SOURCE INFORMATION:
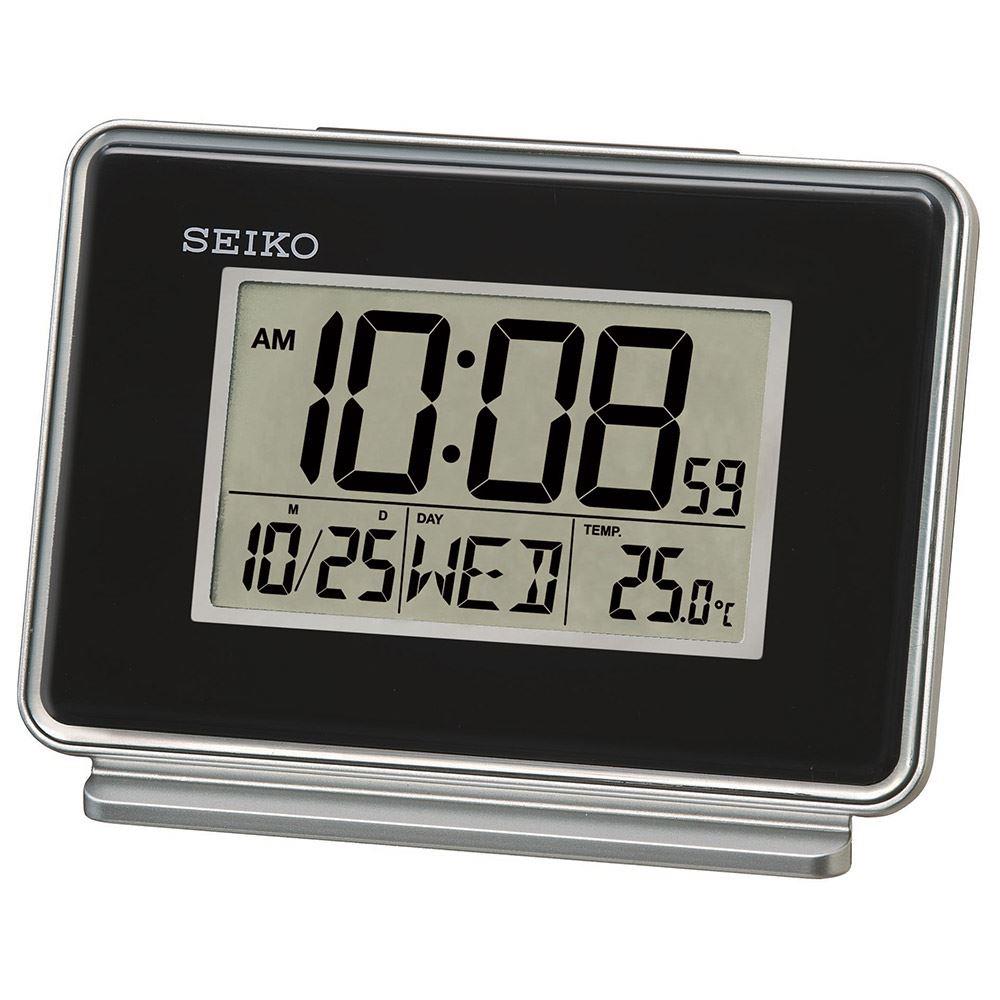 Køb Seiko LCD Dual Alarm Calendar Clock Black (QHL068K)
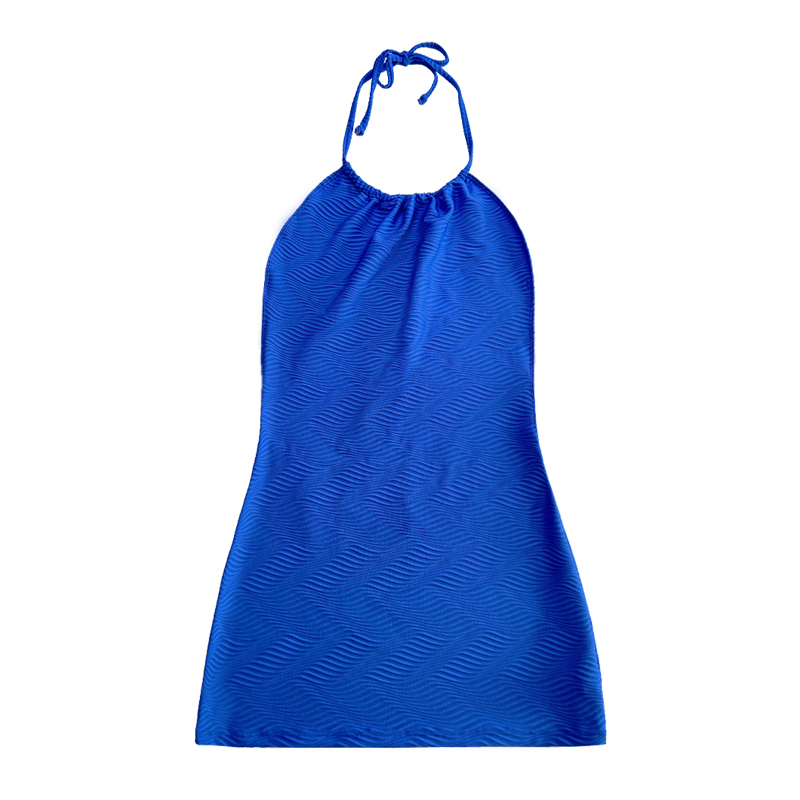 Синя шаблон специална рокля с каишка от плат от плат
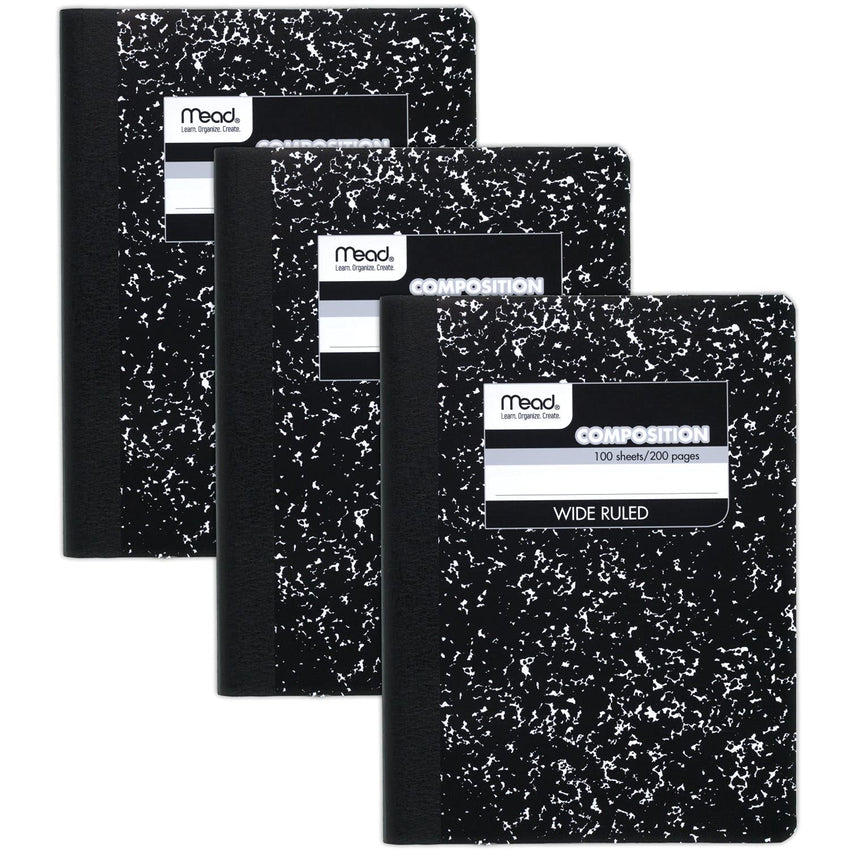 Mead Composition Notebook, 3 Pack, Wide Ruled Paper, 7 - 1/2" x 9 - 3/4", 100 Sheets per Comp Book, Black Marble (38301) - 7DAY'S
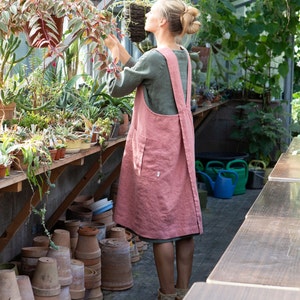 Linen pinafore apron, Pinafore style apron, Practical workwear linen apron, Linen apron image 3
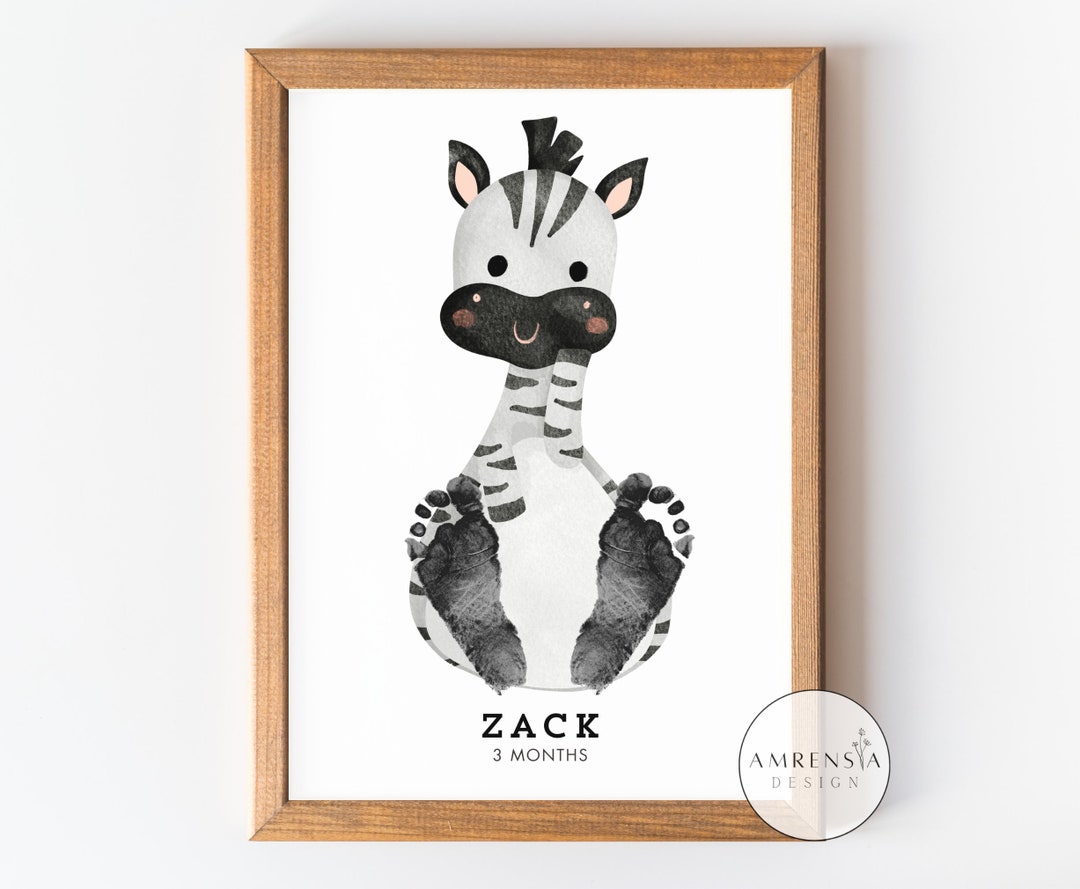 Personalised Baby Footprint DIY Kit, Zebra Wall Art, Custom Baby Name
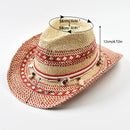 Natural Straw Hats for Women Ethnic Western Cowboy Hat Summer Holidays Beach Sun Hat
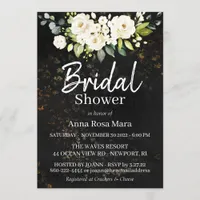 *~* Watercolor White Rose Bridal Shower Rustic Invitation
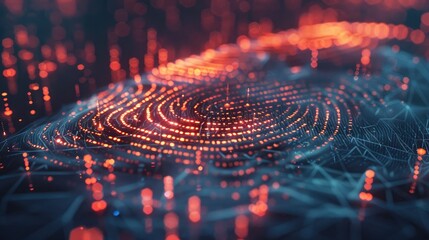 A digital fingerprint, representing identity and security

YOUR OBJECTIVE: Where the line containing "Personalised Baby Footprint" appears, begin writing out the lines exactly, and continue through the end of the material above, omitting pictures.

RESPONSE FOR THIS EXERCISE:
 Personalised Baby Footprint DIY Kit, Zebra Wall Art, Custom Baby Name
 Natural Straw Hats for Women Ethnic Western Cowboy Hat Summer Holidays Beach Sun Hat
 *~* Watercolor White Rose Bridal Shower Rustic Invitation
 A digital fingerprint, representing identity and security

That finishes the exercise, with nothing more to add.